I was slightly less nervous on Saturday than I had been for the rehearsal. I felt better about the words I would start with and had experimented a little with moving within the frame of my camera as well as moving the frame itself by picking up my computer. I felt I had more online performance movement possibilities, and could place gestures and frame my face in different ways to combat my tendency towards being static in front of the computer. When we began the performance, I recited my, “Bitch, salope, puta, Karen” incantation quietly, using only my voice and not my image. When I heard Annie say, “Respect me”, I felt an impulse to stop my incantation, and did. The network between us felt so delicate, the line between exploring anger and becoming angry shimmering as a possibility that scared me a little. In fact, words scared me, still somehow hard to navigate in the polyphony, so I turned to gestures, responding to proposals, creating some myself. At a certain point, very organically, a space seemed to open for my, “If you don’t have anything nice to say…” I played with the completion of the phrase, disconnecting “Don’t” from “say it”, so that they could be separate commands, or the ending of “If you don’t…” It seemed to provoke responses, so I stayed with it for a while, experimenting with tempo, gesture, tone. I was enjoying working with the other women in the performance, and felt connected to them. I felt less connected, however, to the audience. Was that important in an online environment? I wasn’t sure.

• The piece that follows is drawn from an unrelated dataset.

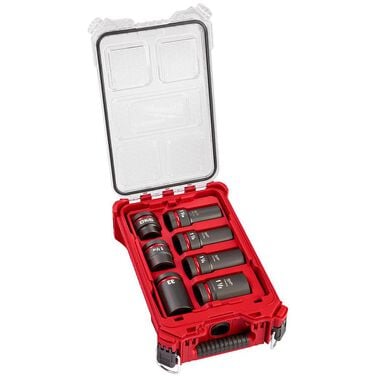 Milwaukee SHOCKWAVE Impact Duty 1 in Drive 7 Piece MM &amp; SAE Wheel Service Socket PACKOUT Set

The next day I asked two people who had watched the performance what they thought about it. One enjoyed it, but thought that perhaps we were a bit too static behind our computers. The other said she, “didn’t feel smart enough to understand it.” I probed further. “Did it make you think anything? Or feel anything?” I asked. My friend replied, “Well, I didn’t want to switch it off, and it made me think about anger. I felt uncomfortable watching it, but I wanted to keep watching.” I liked this response. It’s the kind of response I like to provoke through my own work. Kind of like sticking a sliver under the audience’s skin, giving them something to worry at for some time to come.
Thinking about this made me start to think about my own work again. Perhaps that project languishing in scattered notes, photographs, ramblings and computer lists could be knocked into something workable, online or off. Maybe I could even perform in it myself. Why not? The possibilities are there. I suddenly started to catch a glimpse of that punky, swaggering, blaguing 20 ,30, 40 -something woman I was, have been, still am. That woman who dares is still in me somewhere. Writing this, I realize that attending the Magdalena Festival and working with Annie have reminded me of this.
Performing in Angry Women doesn’t/didn’t solve anything, and that, as one of my co-performers pointed out, wasn’t really the point. It has changed something though, at least for me.